What to produce:
The records that follow are to be copied word for word. Pictures should be omitted.

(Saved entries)

--------

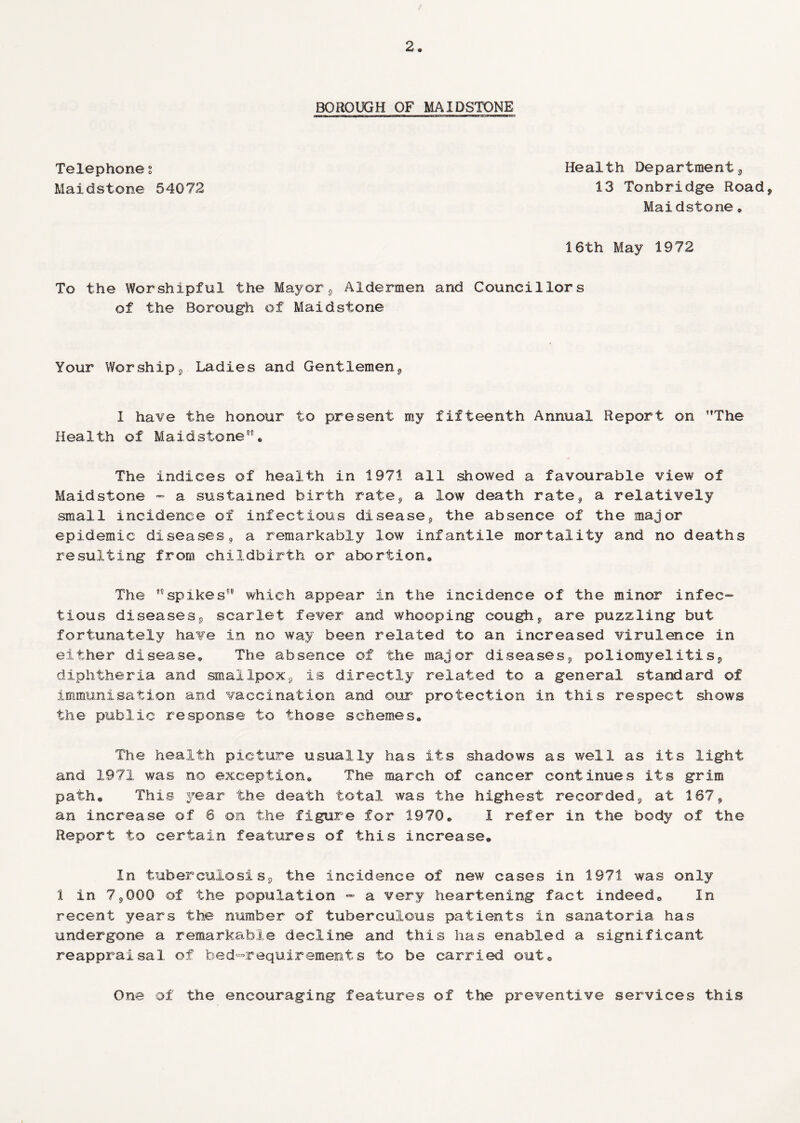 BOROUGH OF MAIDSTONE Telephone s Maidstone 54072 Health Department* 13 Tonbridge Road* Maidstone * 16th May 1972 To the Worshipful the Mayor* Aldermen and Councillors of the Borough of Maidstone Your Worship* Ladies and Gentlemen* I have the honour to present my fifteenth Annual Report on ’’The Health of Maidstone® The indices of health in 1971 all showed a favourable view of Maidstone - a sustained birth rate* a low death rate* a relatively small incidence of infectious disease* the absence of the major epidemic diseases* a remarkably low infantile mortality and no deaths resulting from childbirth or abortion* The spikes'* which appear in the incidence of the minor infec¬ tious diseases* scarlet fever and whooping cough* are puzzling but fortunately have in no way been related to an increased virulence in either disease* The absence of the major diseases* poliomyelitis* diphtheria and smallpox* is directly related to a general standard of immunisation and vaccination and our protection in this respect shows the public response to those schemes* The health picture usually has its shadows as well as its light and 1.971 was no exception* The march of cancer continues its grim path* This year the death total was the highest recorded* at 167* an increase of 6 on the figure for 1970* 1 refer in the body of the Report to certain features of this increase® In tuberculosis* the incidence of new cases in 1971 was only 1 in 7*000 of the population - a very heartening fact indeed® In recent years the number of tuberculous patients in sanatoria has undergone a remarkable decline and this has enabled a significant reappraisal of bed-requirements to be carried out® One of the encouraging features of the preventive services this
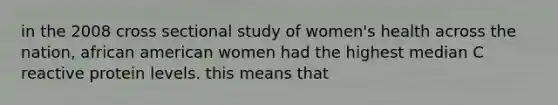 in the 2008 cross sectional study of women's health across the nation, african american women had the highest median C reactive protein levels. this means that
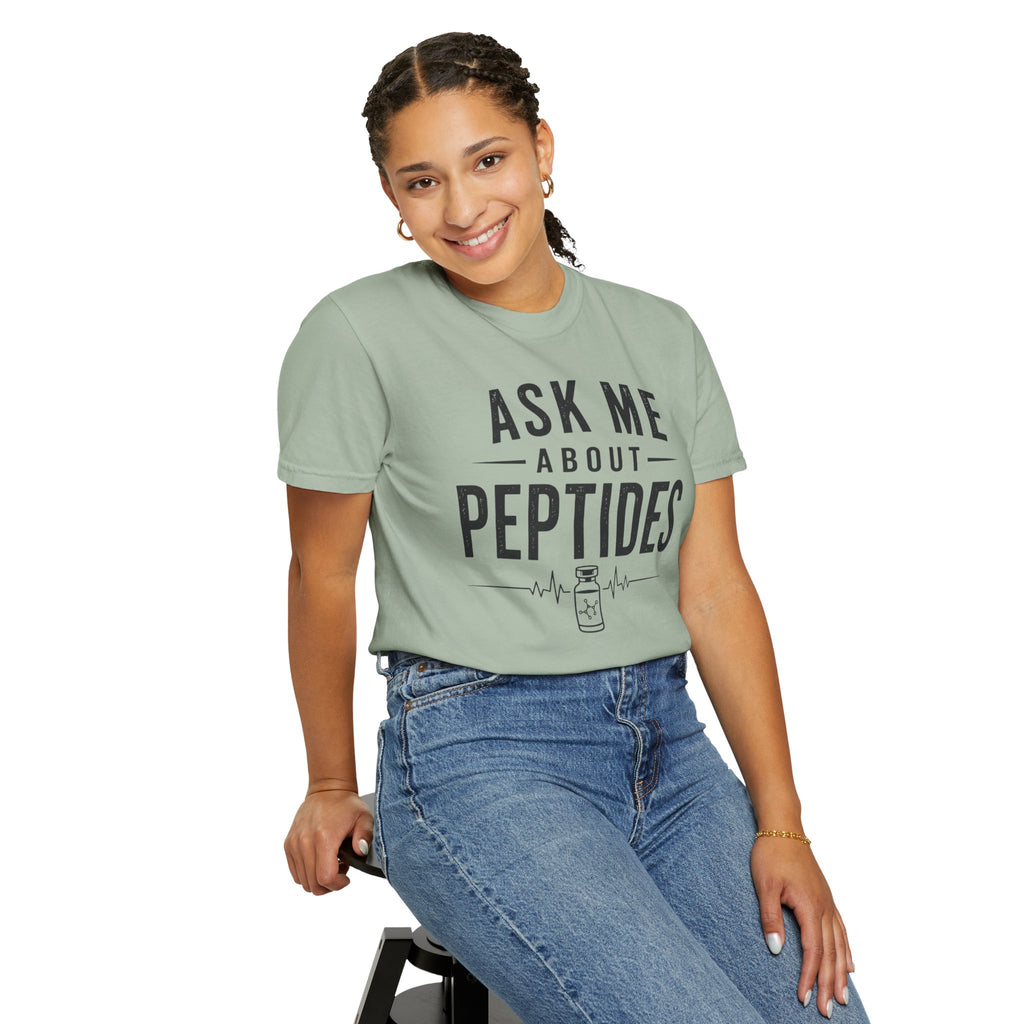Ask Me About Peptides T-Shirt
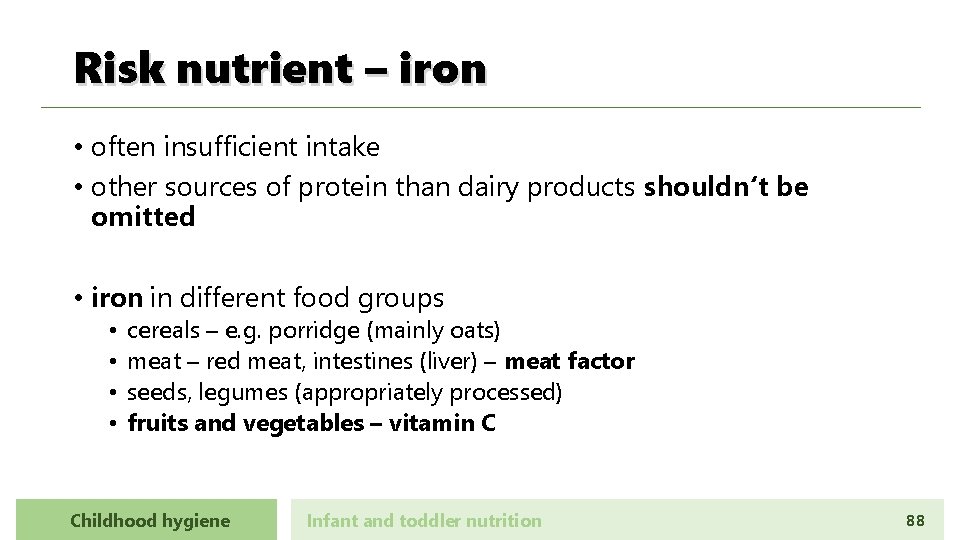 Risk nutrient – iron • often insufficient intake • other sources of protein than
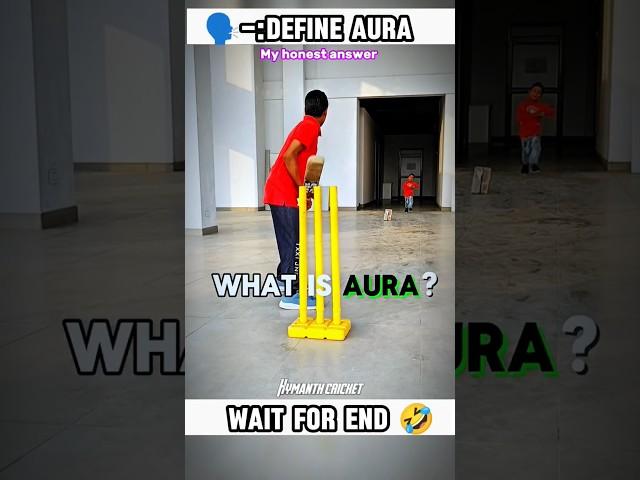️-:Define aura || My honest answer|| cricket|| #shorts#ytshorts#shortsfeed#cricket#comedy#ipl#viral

--------

Solution to this task:
 BOROUGH OF MAIDSTONE Telephone s Maidstone 54072 Health Department* 13 Tonbridge Road* Maidstone * 16th May 1972 To the Worshipful the Mayor* Aldermen and Councillors of the Borough of Maidstone Your Worship* Ladies and Gentlemen* I have the honour to present my fifteenth Annual Report on ’’The Health of Maidstone® The indices of health in 1971 all showed a favourable view of Maidstone - a sustained birth rate* a low death rate* a relatively small incidence of infectious disease* the absence of the major epidemic diseases* a remarkably low infantile mortality and no deaths resulting from childbirth or abortion* The spikes'* which appear in the incidence of the minor infec¬ tious diseases* scarlet fever and whooping cough* are puzzling but fortunately have in no way been related to an increased virulence in either disease* The absence of the major diseases* poliomyelitis* diphtheria and smallpox* is directly related to a general standard of immunisation and vaccination and our protection in this respect shows the public response to those schemes* The health picture usually has its shadows as well as its light and 1.971 was no exception* The march of cancer continues its grim path* This year the death total was the highest recorded* at 167* an increase of 6 on the figure for 1970* 1 refer in the body of the Report to certain features of this increase® In tuberculosis* the incidence of new cases in 1971 was only 1 in 7*000 of the population - a very heartening fact indeed® In recent years the number of tuberculous patients in sanatoria has undergone a remarkable decline and this has enabled a significant reappraisal of bed-requirements to be carried out® One of the encouraging features of the preventive services this
 in the 2008 cross sectional study of women's health across the nation, african american women had the highest median C reactive protein levels. this means that
Ask Me About Peptides T-Shirt
 Risk nutrient – iron • often insufficient intake • other sources of protein than
️-:Define aura || My honest answer|| cricket|| #shorts#ytshorts#shortsfeed#cricket#comedy#ipl#viral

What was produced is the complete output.